MENGINGAT ADONAN ANTARA SAINS DAN BUDAYA



Veni Vidi Vici” 

Manusia terlahir dalam membuat jejaknya dengan cara belajar melatih tubuh dan tubuh dari alam semesta. Bagaimana pun sebuah siklus jejak manusia akan terus berjalan sesuai kehendak dari hidup itu sendiri, tanpa terkecuali tentang sejarah keyakinan dalam beragama dan agama. 

Seluruh rantai jejak di atas tidak akan pernah terputus selama kehidupan ini masih berjalan. Namun apa yang terjadi terkadang tidak sesuai atau bahkan tidak tercatat dalam urutan kehendak manusia. Lalu apa yang menjadi penyebabnya? Tidak ada, selain proses tumbuh kembang yang sering membuat kita lupa pada sebuah awalan. Hubungan pun tidak berjalan mulus sampai akhirnya terlahirlah perang otak antara diri sendiri dengan sesama dalam kehidupan. Misalkan kita mau membuang waktu sejenak untuk memutar kembali video dokumentasi kehidupan kita selama ini. Saat masih balita, tentu kita semua diajarkan mengenal tangan serta jemari yang memiliki nama hingga akhirnya kita mengenal satu persatu bentuk dan nama anggota tubuh kita. Pada masa kanak-kanak itulah dunia imajinasi menuntun kita untuk mengeksplor siklus gerak dunia dalam pergerakan kehidupan. Lalu memasuki dunia pendidikan formal, kita mengenal sekaligus rangkaian huruf, angka, dan alam semesta serta sejarahnya sebagai media komunikasi kita antara sesama. Hingga pada akhirnya kita melatih keseharian kita detail demi detail sampai mampu belajar dari seluruh pengalaman kita di masa lalu. Maka yang terjadi adalah sebuah persahabatan dengan diri sendiri seperti persahabatan antara sains dan budaya yang sering kita lupakan karena hal-hal sepele yang menjadikan kita sebagai mayat berjalan atas nama hidup yang dijalani dengan membutakan diri dari makna kreativitas untuk kehidupan. Apakah ini sebuah cita-cita atau tujuan dari akhir semua? Kesempatan tidak datang untuk kedua kalinya, penyesalan juga bukanlah solusi dari kesia-siaan waktu. 

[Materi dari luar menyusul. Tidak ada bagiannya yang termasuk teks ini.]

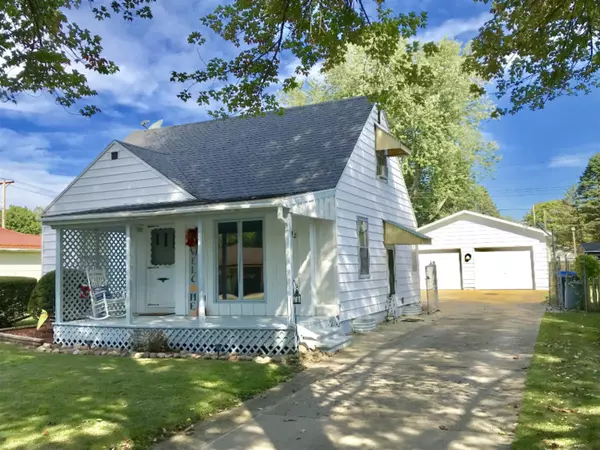 912 E Hatch Street, Sturgis, MI 49091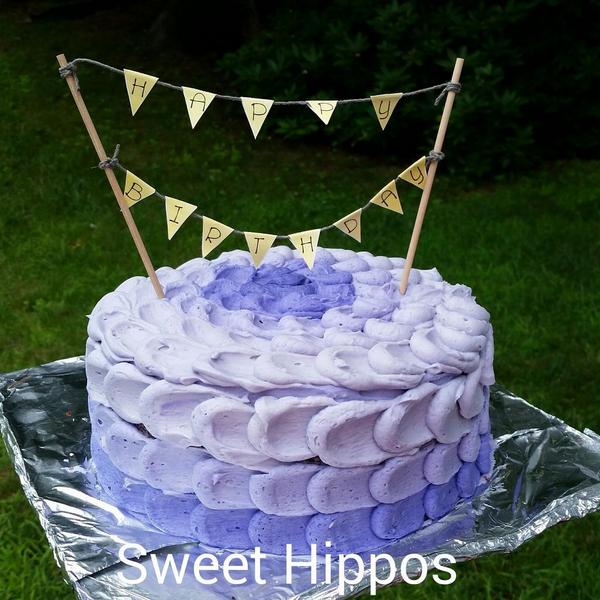 SweetHippos.com  

#ombre #cake #chocolate #vanilla #happybirthday #50th #pqrty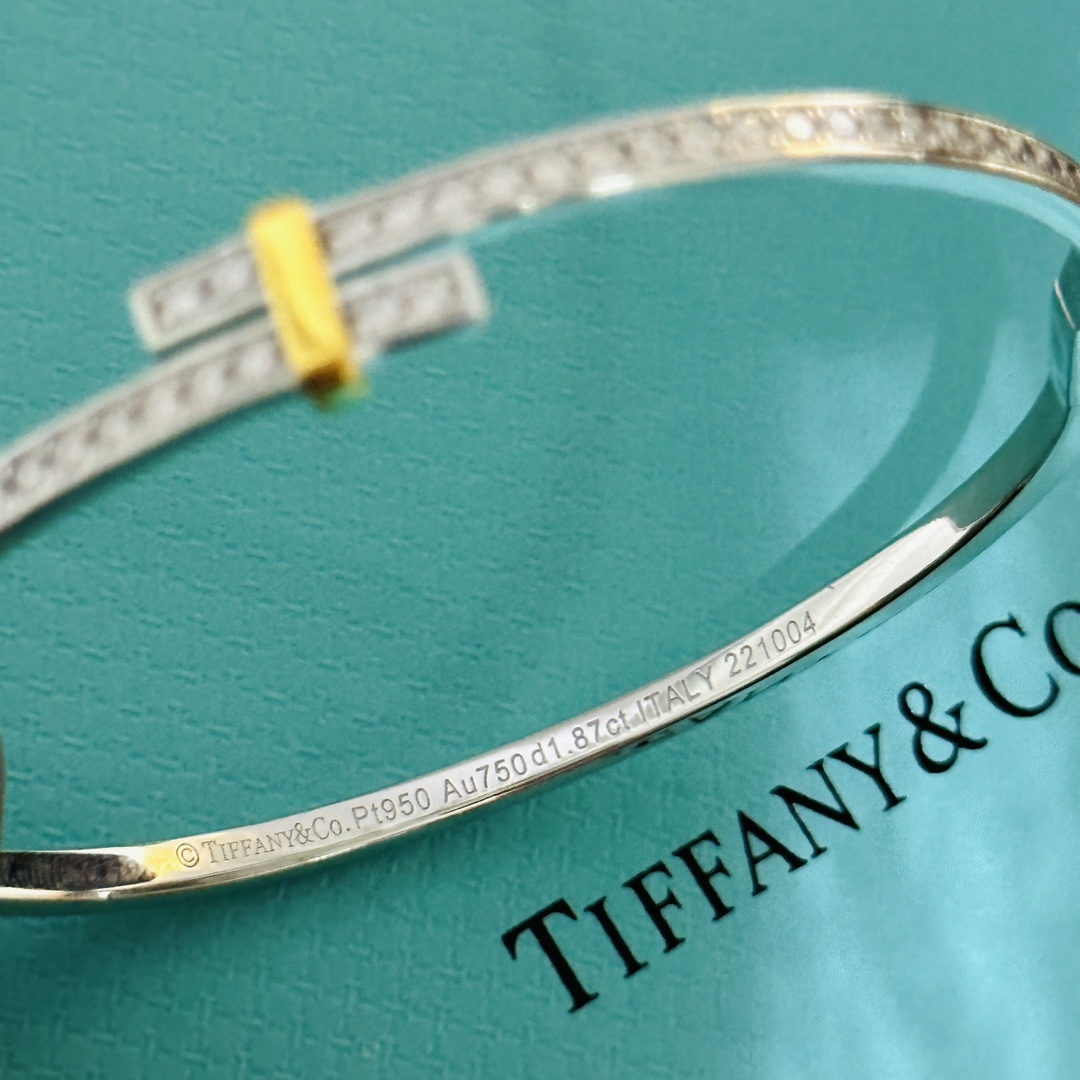 Tiffany & Co. Edge Hinged Bypass Bangle Bracelet - everydesigner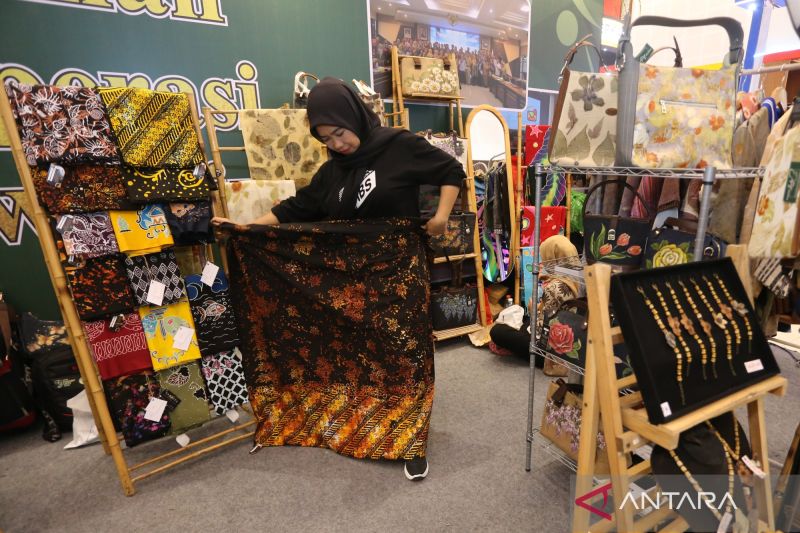 sejarah-dan-asal-usul-batik-warisan-budaya-kebanggan-indonesia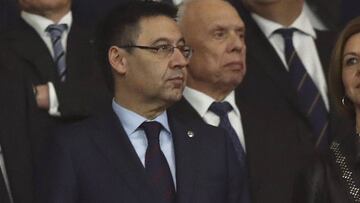El presidente del FC Barcelona, Josep Maria Bartomeu y la ministra de Defensa, Maria Dolores de Cospedal.
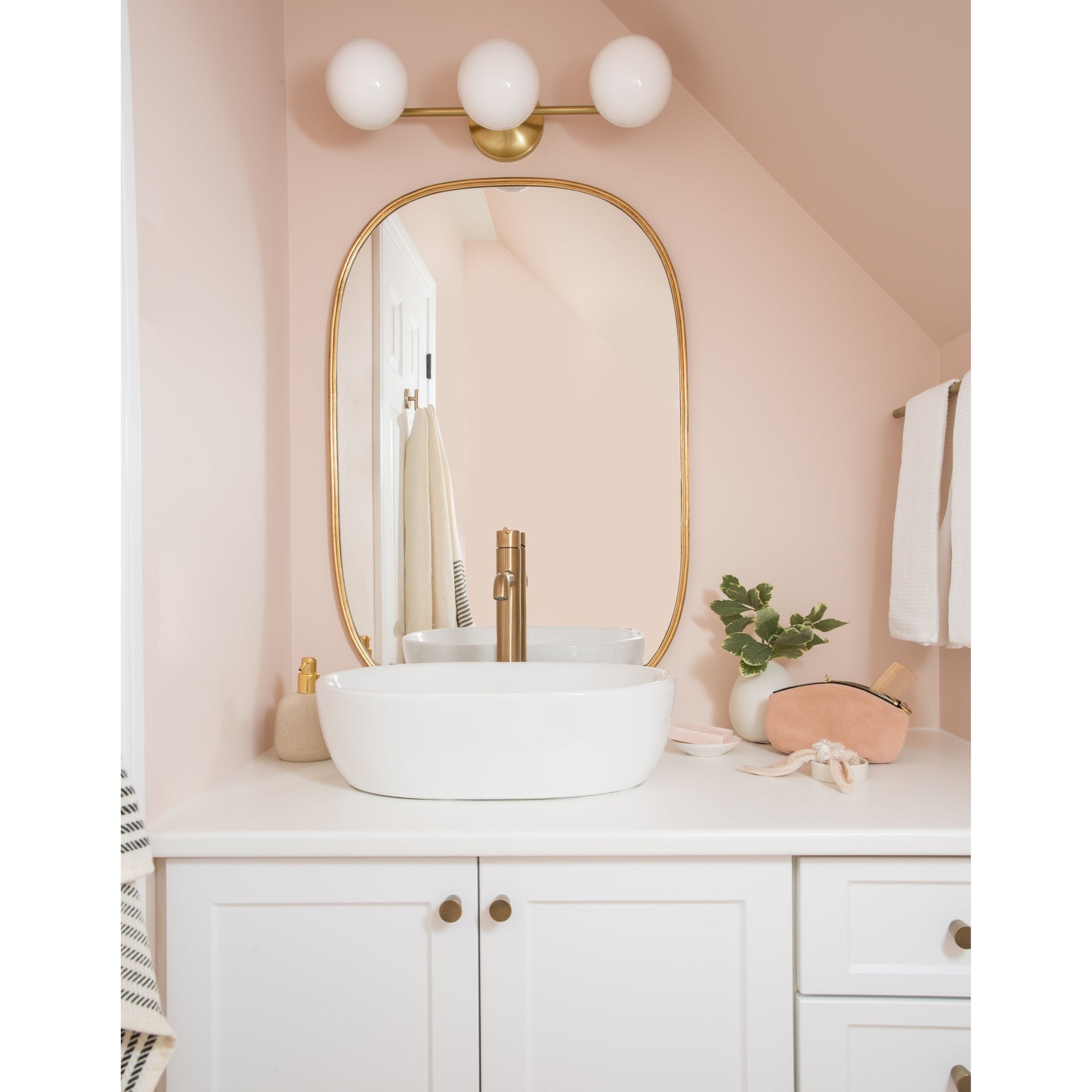 Hudson Valley Lighting - Fleming Bath Vanity - 4742-AGB | Montreal Lighting & Hardware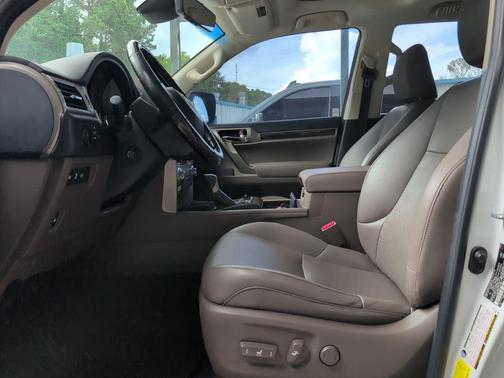 Starfire Pearl 2020 Lexus GX 460 Premium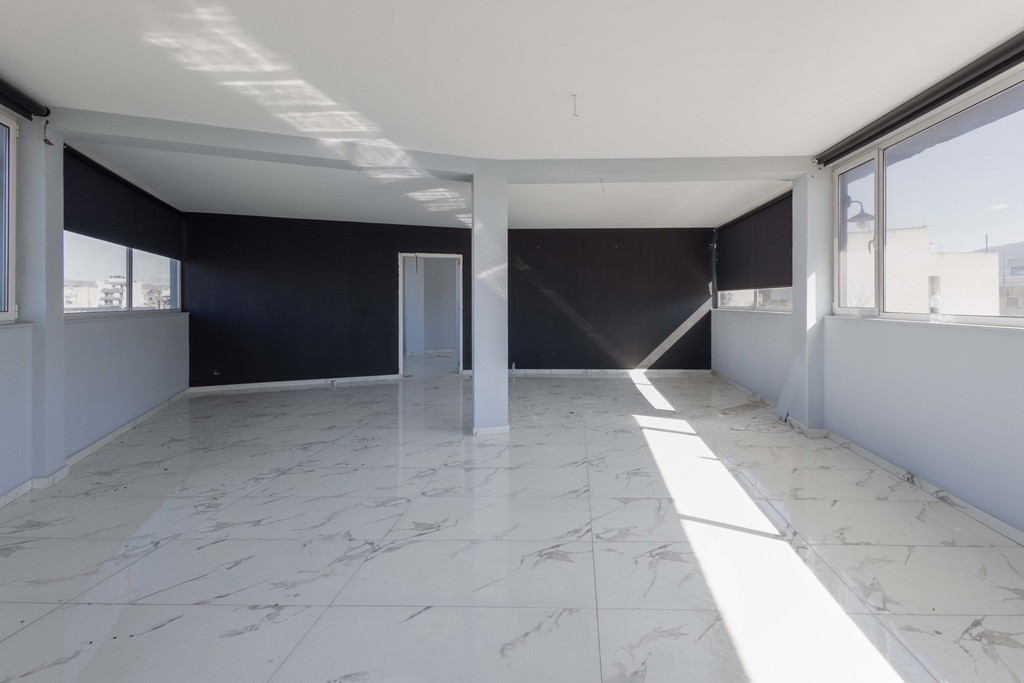 Επιχειρηματικό κτίριο 1.340 τ.μ. πρός ενοικίαση, Αθήνα - Κέντρο, Γκάζι - Μεταξουργείο - Βοτανικός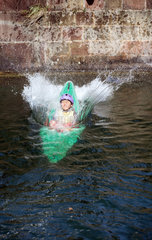 Strasbourg  ein Kind trainiert mit seinem Kanu am Fluss Ill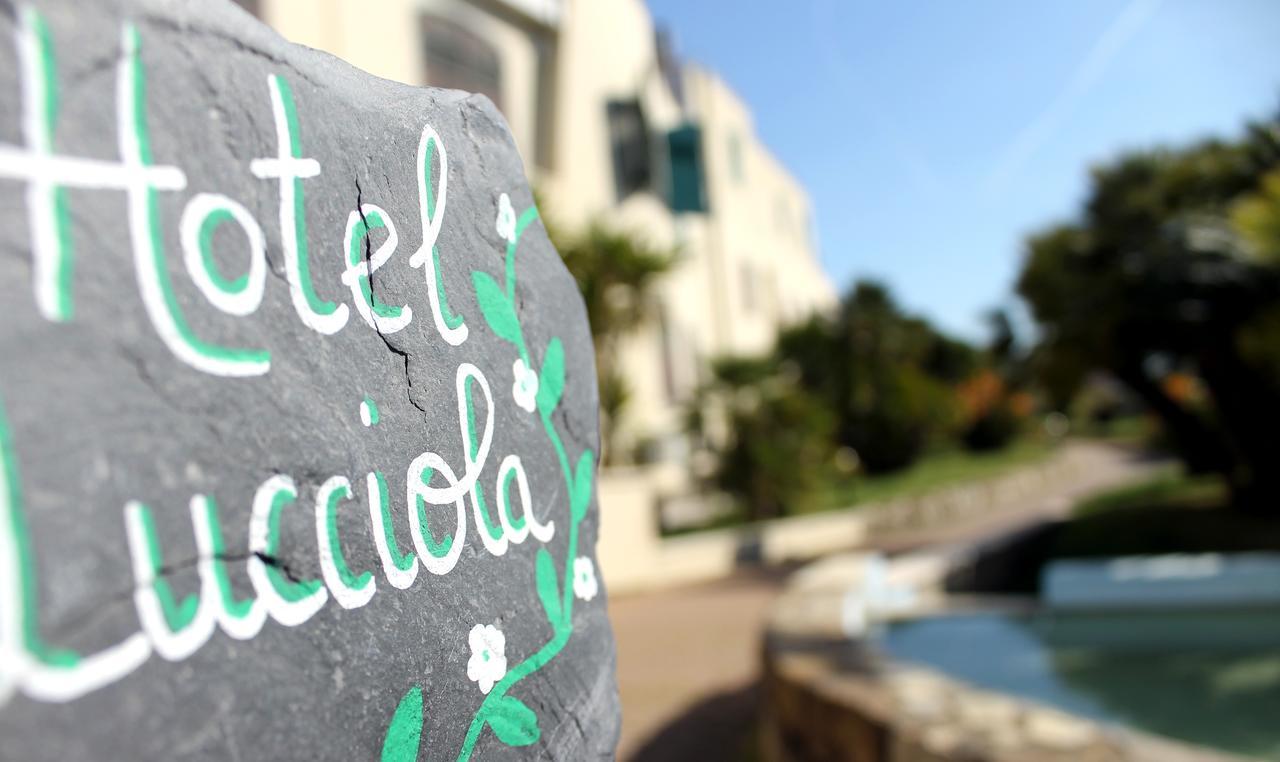 Albergo Ristorante Lucciola Санто-Стефано-аль-Маре Екстер'єр фото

Kesimpulan dari tulisan ini, saya ingin mengingatkan satu hal yang membuat kita semua memiliki kekuatan karena menjadi setia pada hal-hal kecil. Kenanglah pengalaman kita sebagai metode belajar untuk diri sendiri dan sesama sebagai sebuah pendidikan karena kita semua pernah mengalami masa dimana kita tersenyum untuk imajinasi dan tertawa untuk kekonyolan kreativitas. Saya percaya, setiap manusia yang terlahir memiliki kreativitasnya masing-masing. Janganlah kita membunuhnya karena ini sama saja menolak resep yang terdapat dalam adonan sains dan budaya sebagai asupan semangat hidup kita.